At our KDE 4.2 release party, many of you voiced desire to have more frequent NYC meetings to talk about all things KDE. So, what dates work for those of you still interested?

Update: Possibly this coming week we’ll meet. Anyone know of good coffee shops in Manhattan that have wifi? Or perhaps I can procure a spot in a Columbia building…

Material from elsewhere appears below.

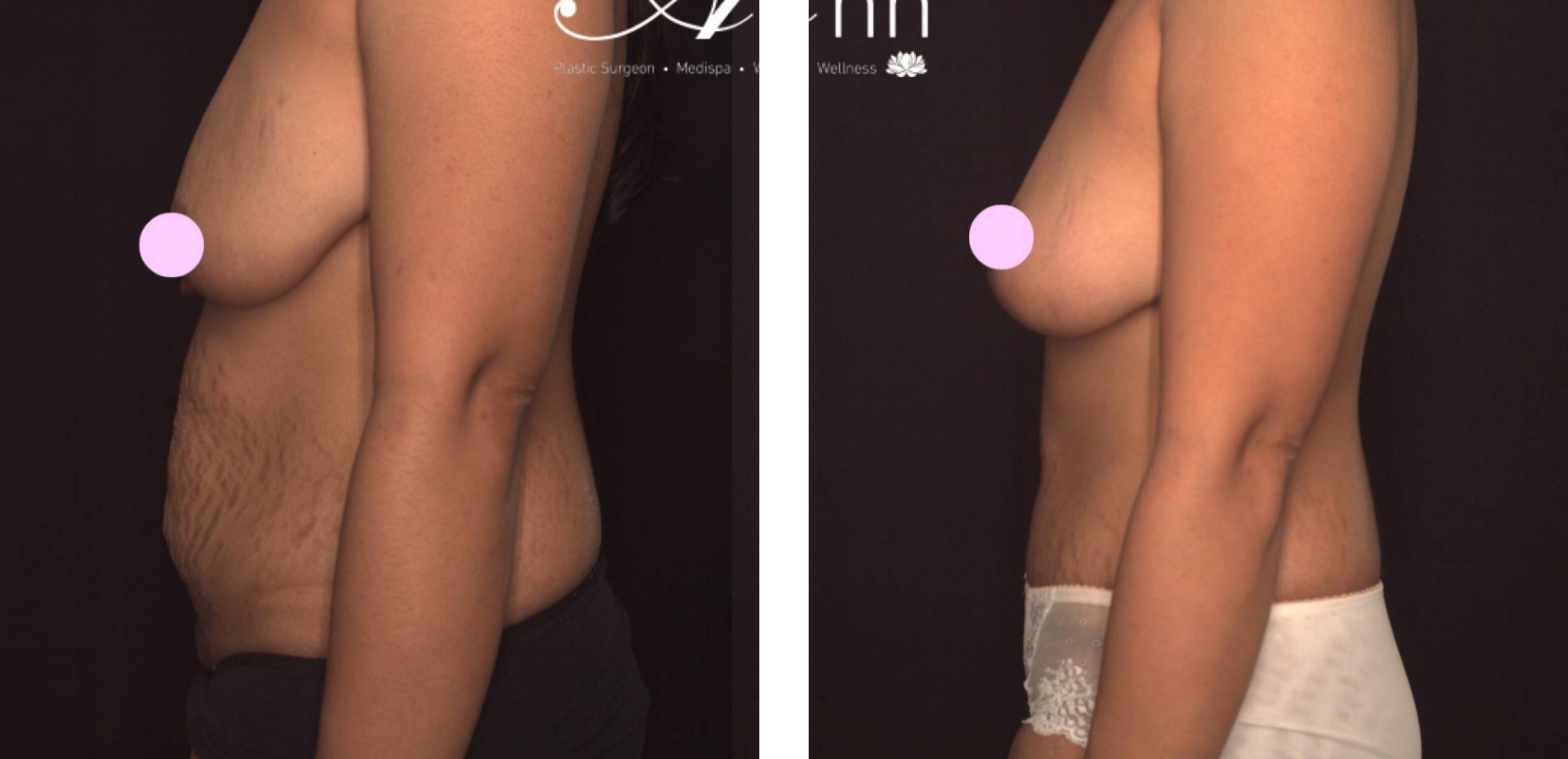 Abdominoplasty and breast reduction, before and after 4 @2x, side view, Dr Anh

April 9, 2009 · 6 comments


Dear PlanetKDE,

I’m just a student, but I can build just about anything with code. The problem is that people in the industry disregard me because I’m young. I also doesn’t have many “contacts” or “networks” for shmoozing up. I am, however, looking for a lucrative freelance coding job for this summer.

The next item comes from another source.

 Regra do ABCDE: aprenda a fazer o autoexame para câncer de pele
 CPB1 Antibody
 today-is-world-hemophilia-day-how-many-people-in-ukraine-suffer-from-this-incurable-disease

So I’m wondering – amongst those of you who have been in a similar predicament, how have you gone about finding programming gigs?

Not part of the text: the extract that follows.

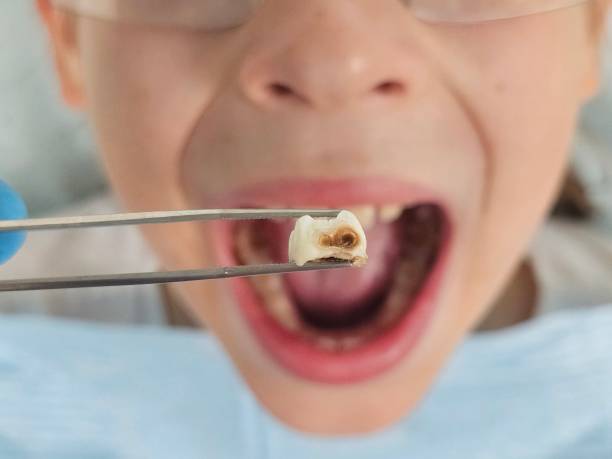 Best Emergency Tooth Extraction in Brooksi, DE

A related question: does anybody hire KDE programmers?

Sincerely,
Unemployed

April 8, 2009 · 6 comments


Dear PlanetKDE/Lazyweb,

I am curious about the future of KHTML in the face of WebKit. Three questions come to mind:

  1. Why does KDE use KHTML when WebKit is faster, more compatible, etc?
  2. Why does Konqueror use KHTML as default instead of WebKit?
  3. Will KHTML be moved out of the main tree?

As far as I can see, it is commonly accepted fact that WebKit is a faster and more compatible engine than KHTML. WebKit was ported to Qt in 4.4, and Qt 4.5 provides some critical enhancements. From these two points, the three questions above naturally follow. If the situation for KHTML was completely hopeless, then it never would have made KDE 4.0 or the present API would be converted into a wrapper for QtWebKit. But this is not the case, so presumably the KHTML team has high hopes for the project. I wonder what the team’s response is to these questions. Undoubtedly they have thought a lot about KHTML vs WebKit and find WebKit a worthwhile project. What’s the deal?

February 17, 2009 · 58 comments


Anybody interested in some sort of NYC release event for 4.2? If so, leave a comment and maybe if there’s enough interest we’ll organize something.

Update:
There will be a KDE 4.2 release event at the Hungarian Pastry Shop on 1030 Amsterdam Avenue (between west 110th and 111th) at 8pm on January 28th. Visit wiki information.